DIRECTIONS FOR THIS TASK: Your copy of the entries below should hold exactly the lines from the one containing "2026 Avalanche Ford F-150 XLT 4X4 Truck" to the one containing "Building Photo - Colorado St South 525", inclusive, and no pictures.

DATASET ENTRIES:
────────────────────────────────────────
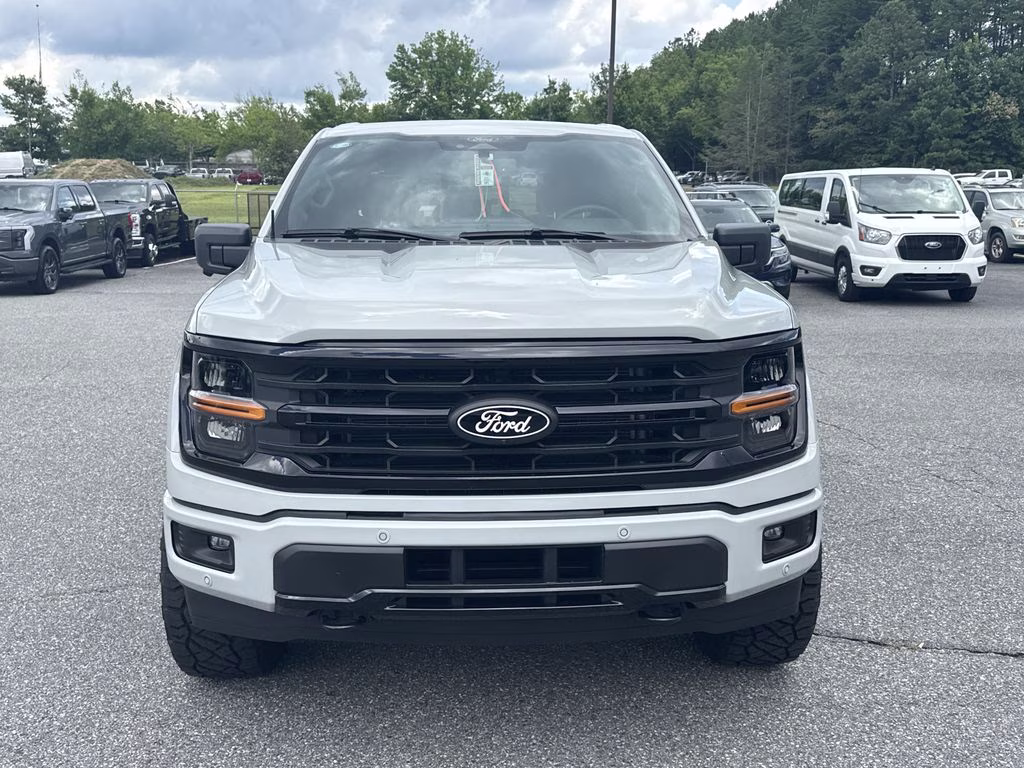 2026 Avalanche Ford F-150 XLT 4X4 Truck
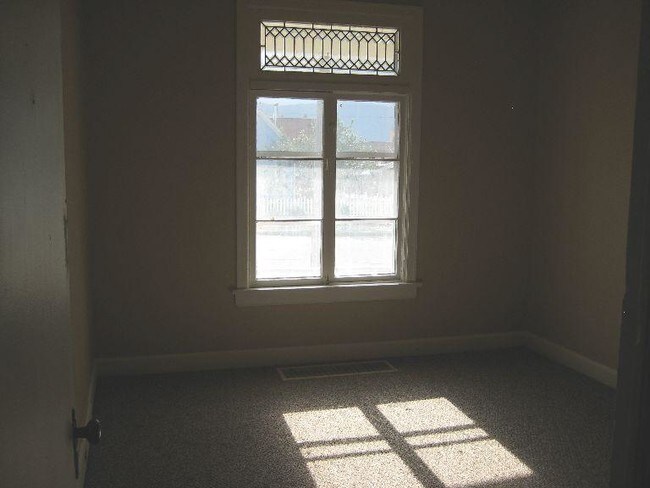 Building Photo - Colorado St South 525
────────────────────────────────────────
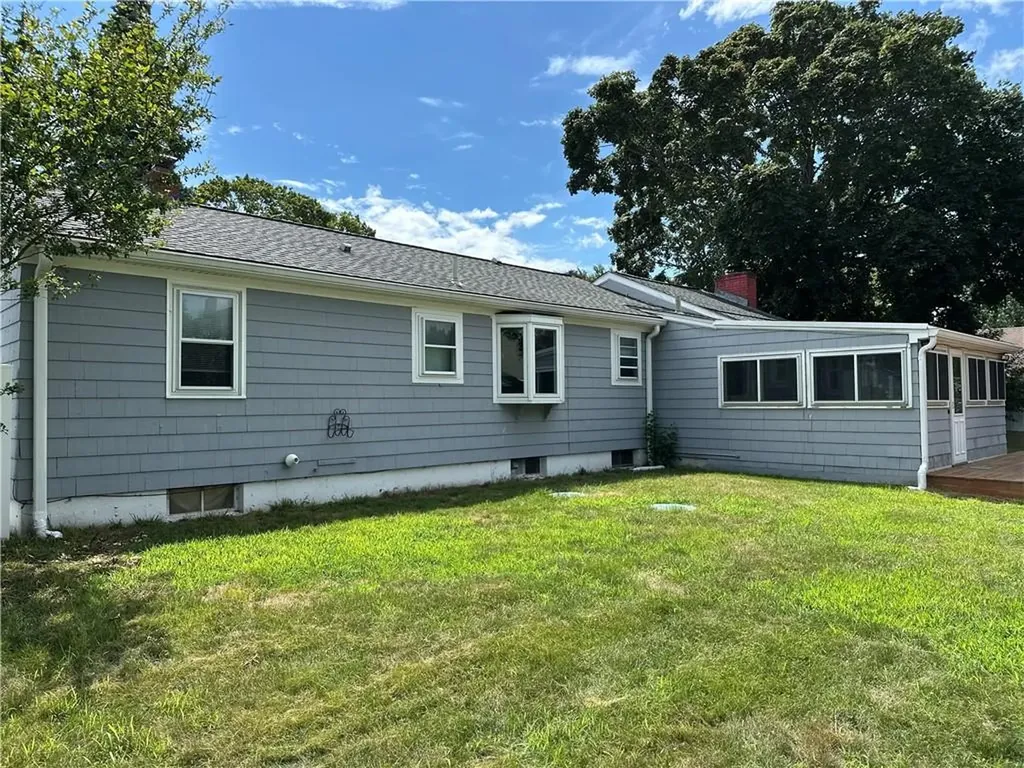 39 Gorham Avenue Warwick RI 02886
────────────────────────────────────────
ANSWER SPACE:
 2026 Avalanche Ford F-150 XLT 4X4 Truck
 Building Photo - Colorado St South 525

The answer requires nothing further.